▶ **Work to be completed**
From the line that contains "Statens vegvesen har" to the final line of the records below, print each line exactly and leave every picture out.

▶ **Data provided**
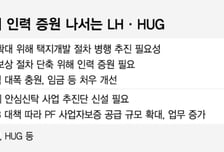 '주택공급 올인' LH·HUG, 주도권 다툼?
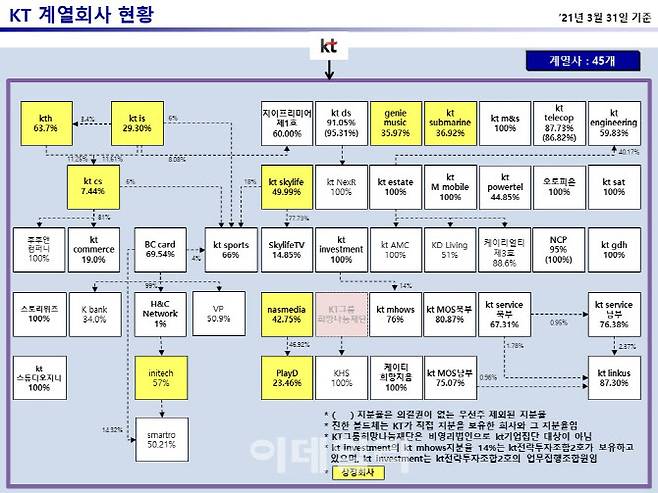 KT 계열회사 현황 계통도. KT 제공.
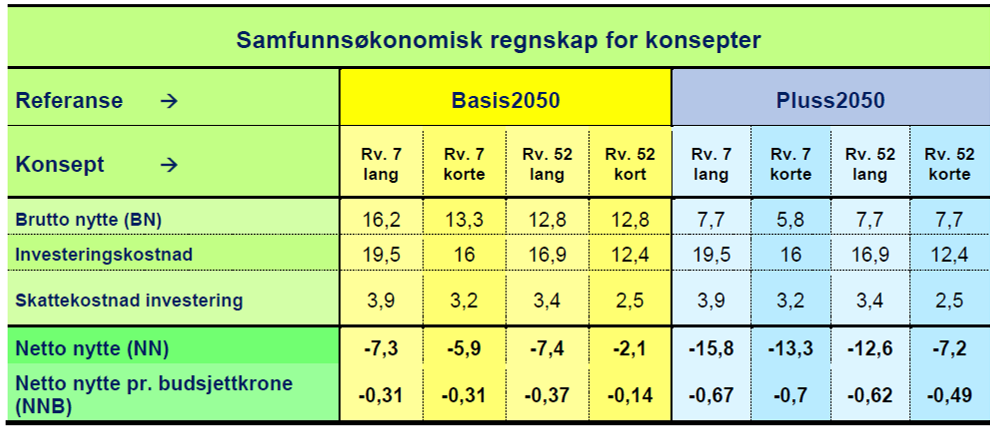 Statens vegvesen har også gjennomført følsomhetsberegninger i form av å vurdere endret netto nytte ved utbygget E134 med Hordalandsdiagonalen. Dette reduserer nytten ved både rv. 7 og rv.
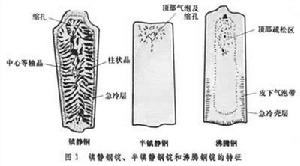 鋼錠澆鑄 鋼錠澆鑄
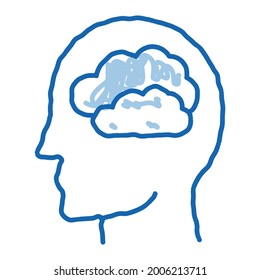 Hauptsächlich Wolken in Man Silhouette Mind Skizze Symbol Vektorgrafik. Handgezeichnete blaue Doodline-Kunst, einzelne Symbolgrafik
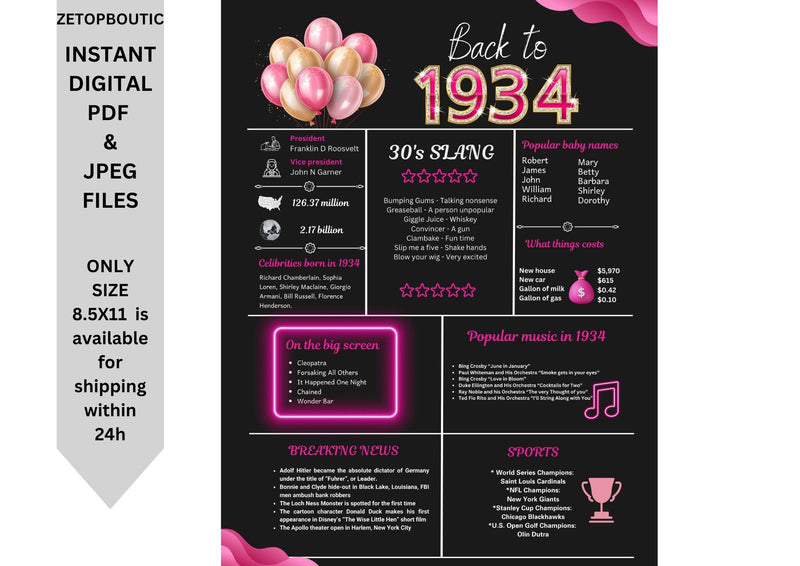 Pink 1934 Birthday Poster 90 year NOT customize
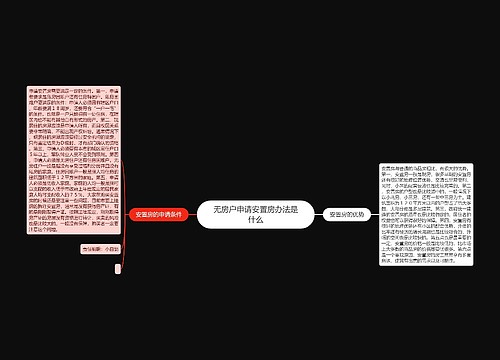 无房户申请安置房办法是什么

▶ **Task solution**
 Statens vegvesen har også gjennomført følsomhetsberegninger i form av å vurdere endret netto nytte ved utbygget E134 med Hordalandsdiagonalen. Dette reduserer nytten ved både rv. 7 og rv.
 鋼錠澆鑄 鋼錠澆鑄
 Hauptsächlich Wolken in Man Silhouette Mind Skizze Symbol Vektorgrafik. Handgezeichnete blaue Doodline-Kunst, einzelne Symbolgrafik
 Pink 1934 Birthday Poster 90 year NOT customize
 无房户申请安置房办法是什么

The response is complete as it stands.